O problema não está na renda, mas na gestão
Para Ricardo Hiraki, especialista em educação financeira e sócio-fundador da Plano, o desafio central não é o valor recebido, mas a forma como o dinheiro é administrado. “O problema não é quanto se ganha, mas a falta de clareza sobre como o dinheiro circula ao longo do mês. Isso é controle financeiro.”, explica.

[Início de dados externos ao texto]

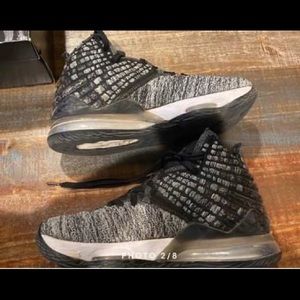 LeBron 17 'In The Arena'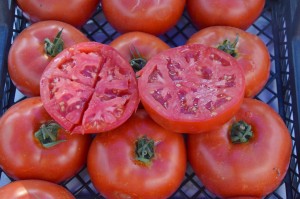 En İyi Domates Seçildi‏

Dívidas e cartão de crédito em destaque
Segundo a Confederação Nacional do Comércio (CNC), cerca de 76% das famílias brasileiras convivem com algum tipo de dívida, sendo o cartão de crédito o principal vilão. Esse comportamento se intensifica no início do mês, quando parcelas e contas fixas consomem boa parte do salário antes mesmo de qualquer planejamento.
Impacto do controle financeiro nas empresas
A desorganização financeira não afeta apenas os lares. Pesquisas globais, como as da PwC, mostram que o estresse com dinheiro compromete foco, produtividade e tomada de decisão no trabalho. Para Hiraki, colaboradores endividados levam preocupações pessoais para o expediente, o que impacta diretamente o desempenho. “Educação financeira corporativa deixou de ser benefício acessório e passou a integrar estratégias de gestão”, afirma.
Controle financeiro: caminhos para reverter o cenário
A solução começa com ações simples e contínuas:
- Mapear despesas e registrar gastos fixos e variáveis.
- Revisar e renegociar dívidas, reduzindo juros e liberando renda mensal.
- Definir metas financeiras claras, diminuindo compras impulsivas e orientando decisões de consumo.
Apoio especializado: como escolher bem
Nos últimos anos, cresceu a procura por empresas de planejamento financeiro. Hiraki alerta para três pontos essenciais na escolha:
- Metodologia aplicada – entender como o diagnóstico e o acompanhamento são feitos para um melhor controle financeiro.
- Atendimento personalizado – soluções padronizadas não funcionam para realidades distintas.
- Foco em educação financeira – o objetivo deve ser gerar autonomia, não incentivar crédito ou investimentos inadequados.
Conclusão
Ganhar mais sem organização financeira gera apenas uma sensação temporária de alívio. O verdadeiro diferencial está no planejamento, que transforma renda em qualidade de vida e segurança. Para famílias e empresas, investir em educação financeira é um passo estratégico para reduzir dívidas, aumentar produtividade e construir um futuro mais estável.